Was GPT-4.5 a failure?

Ben Dickson

2 months ago

Image source: 123RF (with modifications)

OpenAI finally released GPT-4.5, the successor to GPT-4o, on February 27. And to put it mildly, the model was… underwhelming.

GPT-4.5 is the largest model OpenAI has developed. While there is very little information about the model’s architecture and training data, we know that the training was so intensive that it required OpenAI to spread it across several data centers to get it done on time.

The model’s pricing is insane, 15-30X more expensive than GPT-4o, 3-5X compared to o1, and 10-25X in comparison to Claude 3.7 Sonnet. It is currently only available to ChatGPT Pro users ($200 per month) and API clients who will pay for access on a per-token basis. Meanwhile, the model doesn’t show impressive results, with modest gains over GPT-4o and lagging behind o1 and o3-mini on reasoning tasks.

To be fair, OpenAI did not market GPT-4.5 as its best model (in fact, an initial version of its blog post stated that it was not a “frontier model”). It is also not a reasoning model, which is why the comparisons against models such as o3 and DeepSeek-R1 might not be fair. According to OpenAI, GPT-4.5 will be its last non-chain-of-thought model, which means it has only been trained to internalize world knowledge and user preferences.

What is GPT-4.5 good for?

Bigger models have a larger capacity to learn knowledge. GPT-4.5 hallucinates less often than other models, making it suitable for tasks where adherence to facts and contextual information might be very crucial. It also shows better capacity to adhere to user instructions and preferences, as shown by OpenAI’s demos and experiments shared by users online.

There is also a debate over whether it can generate better prose. OpenAI execs have certainly been praising the model for the quality of its responses. OpenAI CEO Sam Altman said, “trying GPT-4.5 has been much more of a ‘feel the AGI’ moment among high-taste testers than i expected!”

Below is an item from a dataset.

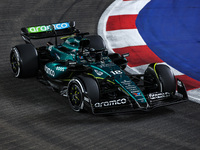 Lance Stroll of Aston Martin F1 Team AMR24 competes during the Formula 1 Singapore Grand Prix 2024 on the Marina Bay Circuit in Singapore, f...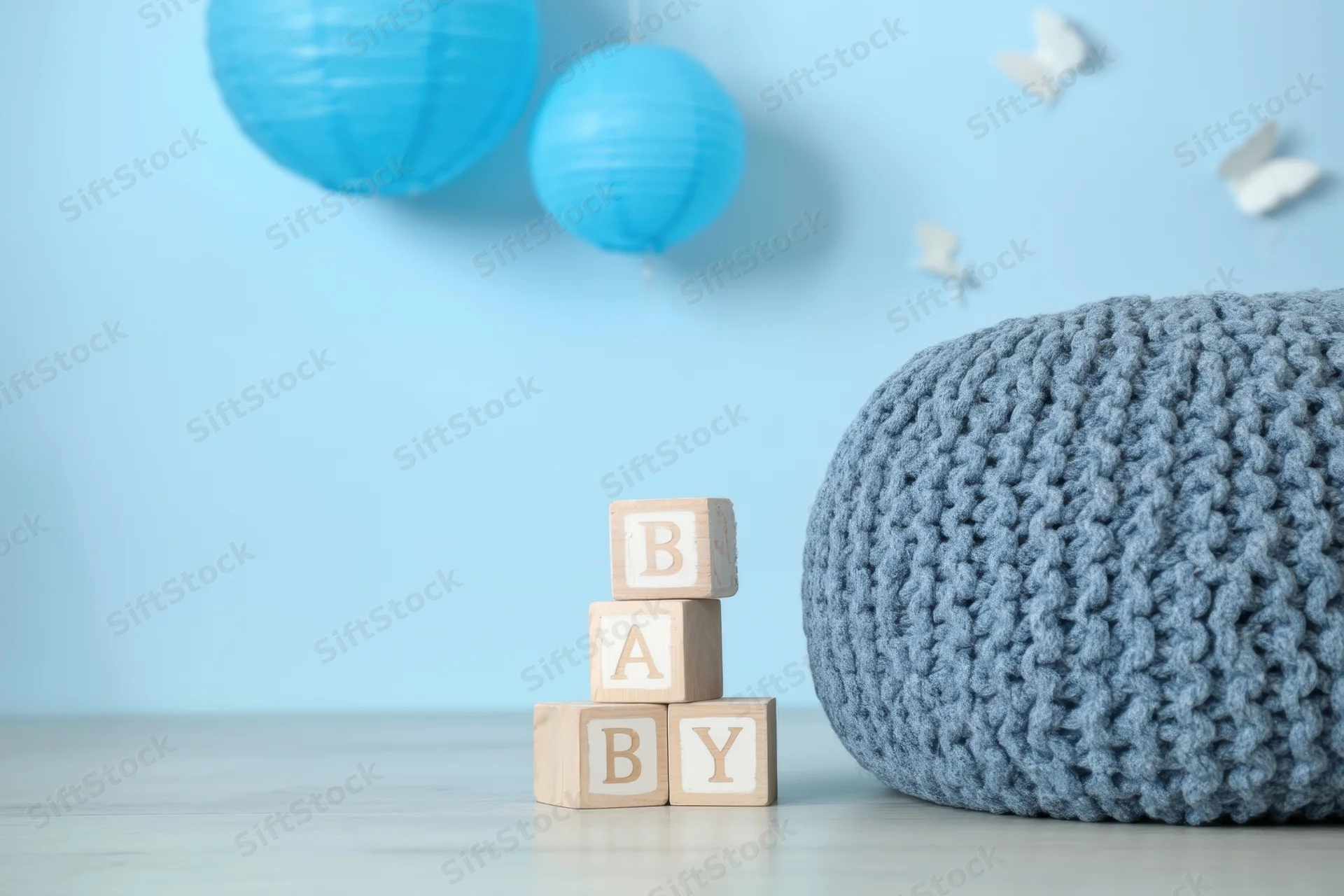 Stacked wooden blocks spelling baby in a blue nursery with crocheted pouf and hanging lanterns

But online reaction has been mixed. Andrej Karpathy, AI scientist and OpenAI co-founder, said he “expect to see an improvement in tasks that are not reasoning heavy, and I would say those are tasks that are more EQ (as opposed to IQ) related and bottlenecked by e.g. world knowledge, creativity, analogy making, general understanding, humor, etc.”

However, a later survey he ran on outputs, users generally preferred GPT-4o’s answers over GPT-4.5. Writing quality is subjective, and it is likely that with the right prompt engineering techniques and tweaks, you can get a much smaller model to get the quality output you need.

As Karpathy said, “Either the high-taste testers are noticing the new and unique structure but the low-taste ones are overwhelming the poll. Or we’re just hallucinating things. Or these examples are just not that great. Or it’s actually pretty close and this is way too small sample size. Or all of the above.”

Was GPT-4.5 worth it?

In some ways, GPT-4.5 shows the limits of the scaling laws. During a talk at NeurIPS 2024, Ilya Sutskever, another OpenAI co-founder and former chief scientist, said, “Pre-training as we know it will unquestionably end… We’ve achieved peak data and there’ll be no more. We have to deal with the data that we have. There’s only one internet.”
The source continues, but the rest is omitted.